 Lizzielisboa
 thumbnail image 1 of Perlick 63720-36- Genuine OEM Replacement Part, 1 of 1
--
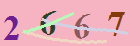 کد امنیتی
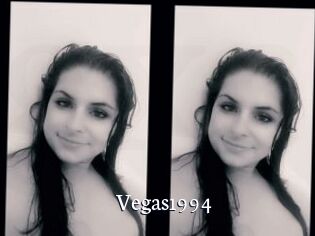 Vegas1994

THE PROBLEM:
With the line that has "Lizzielisboa" as the first and the line that has "thumbnail image 1" as the last, repeat exactly that run of lines above and no more.

TASK RESULT:
 Lizzielisboa
 thumbnail image 1 of Perlick 63720-36- Genuine OEM Replacement Part, 1 of 1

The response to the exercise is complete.